Sitting in the chemist’s shop in Brighton, watching his father prepare prescriptions, asking questions: “What is that? What will that pill do? Why do you put caution labels on those bottles?”

He’d gone to medical school, finished in the top ten percent of his class. He’d interned at Christ Hospital in Devon, with its magnificent research laboratory. He’d become a member of staff;

his reputation as an obstetrician had grown rapidly. But his project had been held back by his inability to test it.

At twenty-seven he'd married Claire, a distant cousin of the earl of Sussex. She was infinitely superior to him in social background, but his growing reputation had been the leveler. And what incredible ignominy. He who dealt in birth and fertility had married a barren woman.

When had he started to hate Claire? It took a long time-seven years. It was when he realized that her disappointment was faked; that she'd known all along that she could not conceive.

Impatiently he turned from the window. It would be another cold, wind-filled night. When all this was over, he'd take a vacation. He was losing his grip on his nerves. He had nearly given himself away this morning when Gertrude told him that Edna had phoned in sick. He'd grasped the desk, watched his knuckles whiten. Then he'd realized: Gertrude was covering for her friend.

The missing shoe. This morning he'd gone to the hospital soon after dawn and once again searched the parking lot and the office. Had Vangie been wearing it when she came into his office Monday night? He couldn't be sure. The other shoe, the right one, was still in his bag in the trunk of the car.

Even if the police started an investigation into Vangie's death, there was no evidence against him. Her file in the office could bear intensive scrutiny. All the true records of the special cases were here in the wall safe, and he defied anyone to locate that safe. It wasn't even in the original plans of the house.

Anyway, no one had any reason to suspect him-no one except Katie DeMaio.

Fukhito had come in to see him just as he was locking up tonight. He'd said, "Mrs. DeMaio was asking a lot of questions. Is it possible that they don't believe Mrs.
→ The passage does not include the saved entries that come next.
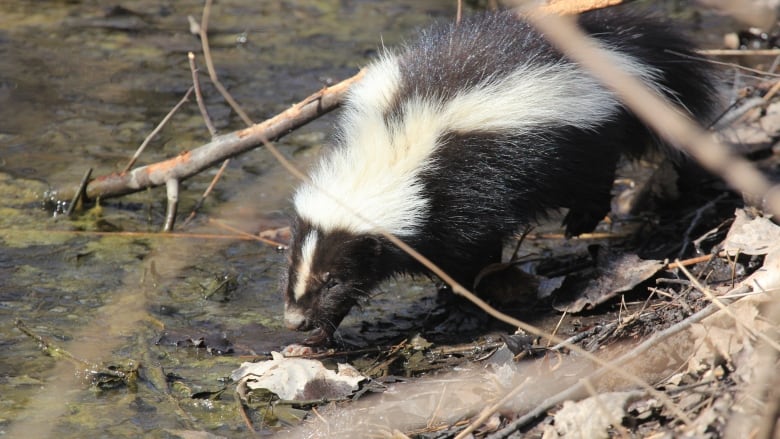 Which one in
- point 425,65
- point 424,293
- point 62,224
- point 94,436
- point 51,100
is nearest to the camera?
point 94,436

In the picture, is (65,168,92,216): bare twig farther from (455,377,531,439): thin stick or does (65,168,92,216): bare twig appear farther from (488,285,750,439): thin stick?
(488,285,750,439): thin stick

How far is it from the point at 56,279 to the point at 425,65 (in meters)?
2.37

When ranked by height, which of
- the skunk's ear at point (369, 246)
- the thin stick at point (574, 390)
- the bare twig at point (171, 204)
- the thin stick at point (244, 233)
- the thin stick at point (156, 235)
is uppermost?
the thin stick at point (574, 390)

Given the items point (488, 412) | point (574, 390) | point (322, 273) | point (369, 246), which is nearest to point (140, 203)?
point (322, 273)

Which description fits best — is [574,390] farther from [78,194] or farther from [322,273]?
[78,194]

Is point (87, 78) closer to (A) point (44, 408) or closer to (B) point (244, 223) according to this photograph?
(B) point (244, 223)

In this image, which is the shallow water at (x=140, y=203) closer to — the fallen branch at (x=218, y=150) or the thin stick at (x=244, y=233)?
the thin stick at (x=244, y=233)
Lewis committed suicide?"

"I really don't know." He'd enjoyed Fukhito's nervousness.

"The interview you gave to that magazine comes out tomorrow?"

"Yes. But I gave them the impression I use a number of psychiatric consultants. Your name will not appear in the article."

"Still, it's going to put the spotlight on us."

"On yourself. Isn't that what you're saving, Doctor?"

He'd almost laughed aloud at the troubled, guilty look on Fukhito's face. Now, finishing his Scotch, he realized that he had been overlooking another avenue of escape. If the police concluded that Vangie had been murdered, if they did investigate Wesdake, he could reluctantly suggest that they interrogate Dr. Fukhito. Especially in view of his past. After all, Fukhito was the last person known to have seen Vangie Lewis alive.